Pour la CFDT, il ne peut être atteint qu’à trois conditions. Première d’entre elles, la compréhension d’un monde en pleine mutation. « Les femmes et les hommes doivent être au cœur de ce projet, a insisté la secrétaire nationale. Il ne peut pas y avoir l’économique d’un côté et le social de l’autre. » Deuxième condition : ce nouveau modèle n’est possible que dans le cadre du développement durable et de toutes ses composantes. « La CFDT demande le respect du droit à un emploi de qualité pour tous, à la qualité de vie au travail pour tous, à une rémunération équitable pour tous », a-t-elle martelé alors que les propositions de salaire minimum au rabais ressurgissent au coin du bois. Des ambitions qui se traduisent concrètement par un besoin de formation et de montée en qualification des salariés, une valorisation et une transmission de compétences de chacun mais aussi par le rôle que devront jouer les Instance représentatives du personnel (IRP) dans les décisions stratégiques des entreprises. Bref une démocratie sociale renforcée, troisième condition de la réussite de ce projet. « On entend pourtant des choses sur le seuil de déclenchement des IRP », s’est inquiété un militant du Finistère présent dans la salle. « C’est une demande patronale, a confirmé Marie-Andrée. Mais il n’y a rien dans les tiroirs à ce jour. Ce serait un comble, alors qu’on se bat pour structurer le dialogue social qu’on nous attaque sur ce thème. En Allemagne ce n’est pas à partir de 50 salariés qu’un comité d’entreprise est créé mais à partir de 5 ! »

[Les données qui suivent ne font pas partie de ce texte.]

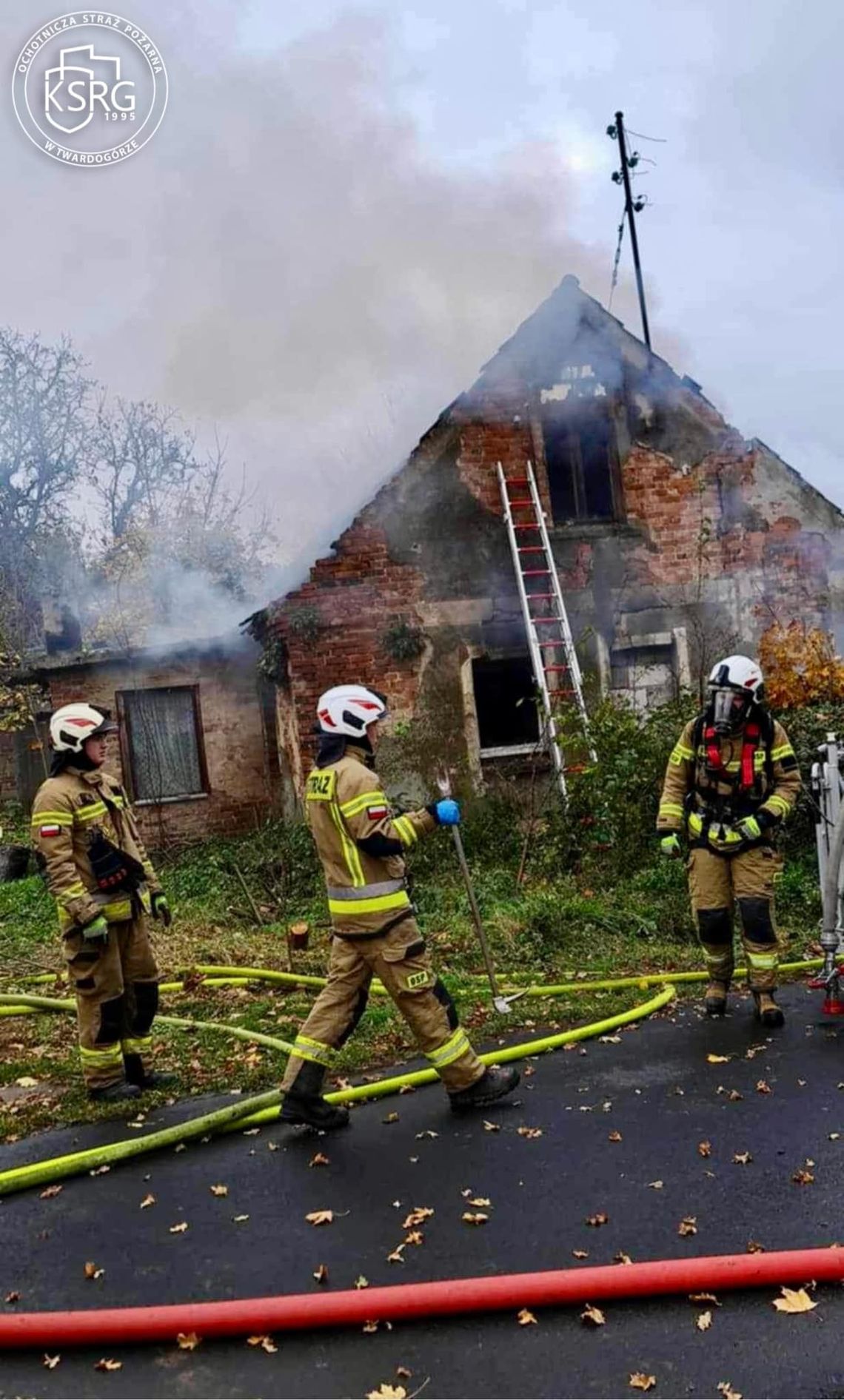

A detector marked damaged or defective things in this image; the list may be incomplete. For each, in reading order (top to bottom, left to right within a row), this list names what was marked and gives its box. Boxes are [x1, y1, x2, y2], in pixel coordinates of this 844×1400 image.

broken window opening [546, 397, 618, 523]
broken window opening [117, 683, 208, 806]
broken window opening [470, 655, 540, 755]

D’autant plus que les trois accords interprofessionnels signés dernièrement par la CFDT impliquent un fort investissement des équipes syndicales, a rappelé Louis Baron, le secrétaire général de la CFDT Bretagne. « Elles doivent intégrer les changement que ces accords produisent notamment dans la sécurisation des parcours». Un investissement également partagé par les syndicats de la fonction publique « qui ont du mal à comprendre les différentes réformes qui souvent s’imposent à eux ». « Oui, la maîtrise des déficits est un enjeu mais elle ne doit pas nous empêcher d’être offensifs, a-t-il insisté. La CFDT s’est fermement opposée à la poursuite du gel du point d’indice. Ce ne sont pas des coups de rabots qui donnent des perspectives ». Perspectives dont la Bretagne a pourtant bien besoin. En février dernier, elle comptait pas moins de 230 990 demandeurs d’emplois. Un triste record.